§ WORK REQUEST:
Transcribe all records below exactly, without images.

>>>

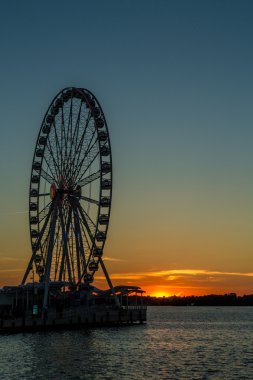 National Harbor sermaye direksiyonda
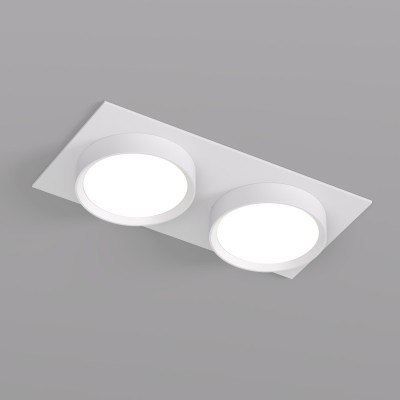 Встраиваемый светильник Denkirs DK2092-WH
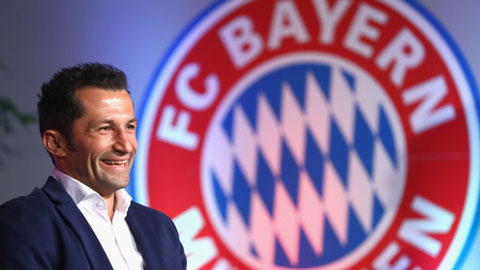 Hợp đồng của Salihamidzic với Bayern có thời hạn đến 2020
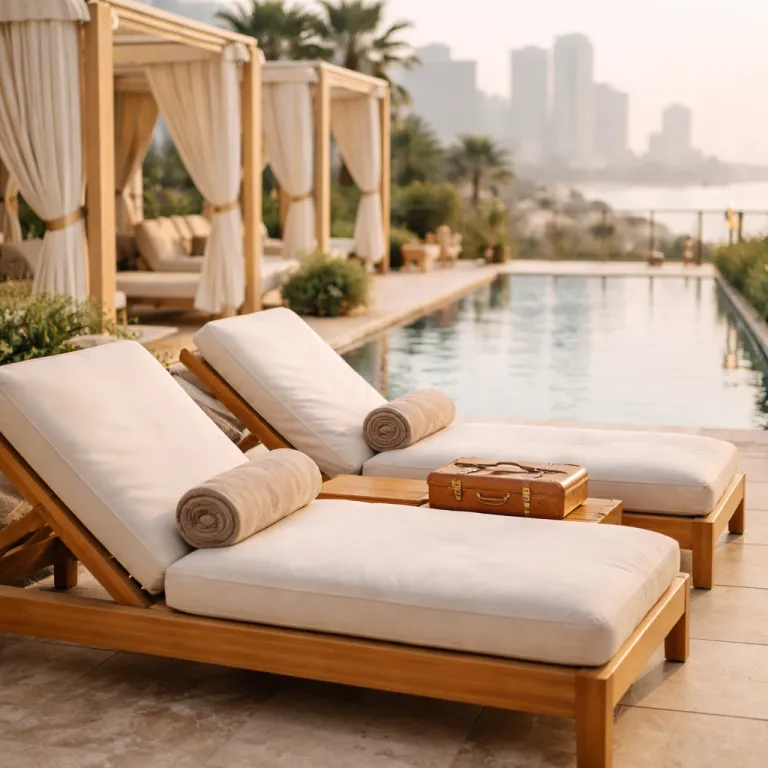 Israel's hotel rebound: 1.3 million visitors, 17 luxury openings, and the early-2026 booking realities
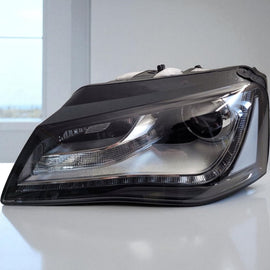 Frontscheinwerfer Audi A8 4H0941029 Xenon Links Scheinwerfer Headlight SCH6680101095wt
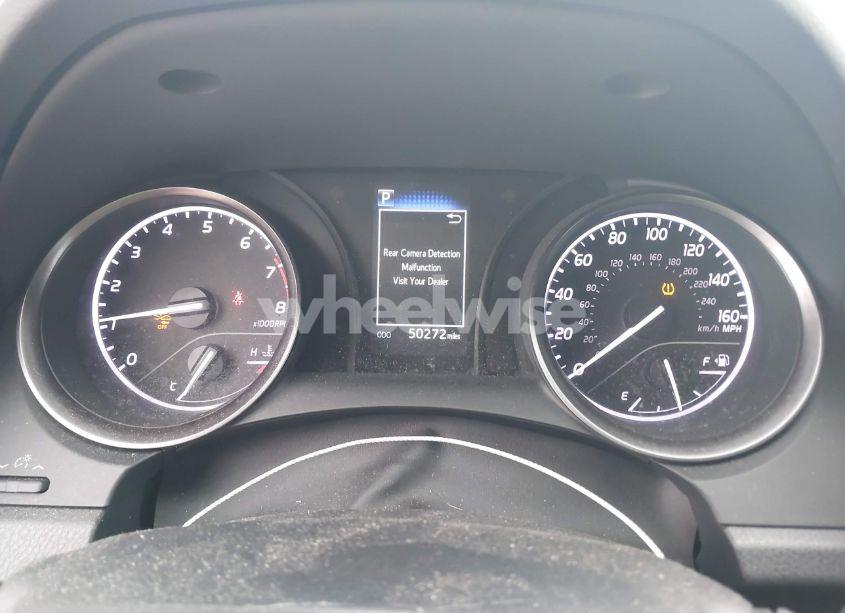 Photo 7 of 2023 Toyota Camry SE (VIN 4T1G11AK8PU151393)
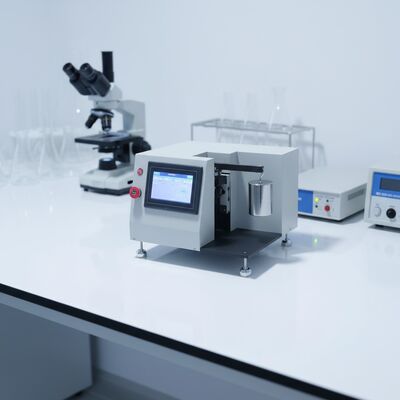 Plastic Sliding Friction and Wear Tester Flexible Graphite Sheets Friction Coefficient Testing Machine Tribometer Lab Te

<<<

§ RESPONSE AREA:
 National Harbor sermaye direksiyonda
 Встраиваемый светильник Denkirs DK2092-WH
 Hợp đồng của Salihamidzic với Bayern có thời hạn đến 2020
 Israel's hotel rebound: 1.3 million visitors, 17 luxury openings, and the early-2026 booking realities
 Frontscheinwerfer Audi A8 4H0941029 Xenon Links Scheinwerfer Headlight SCH6680101095wt
 Photo 7 of 2023 Toyota Camry SE (VIN 4T1G11AK8PU151393)
 Plastic Sliding Friction and Wear Tester Flexible Graphite Sheets Friction Coefficient Testing Machine Tribometer Lab Te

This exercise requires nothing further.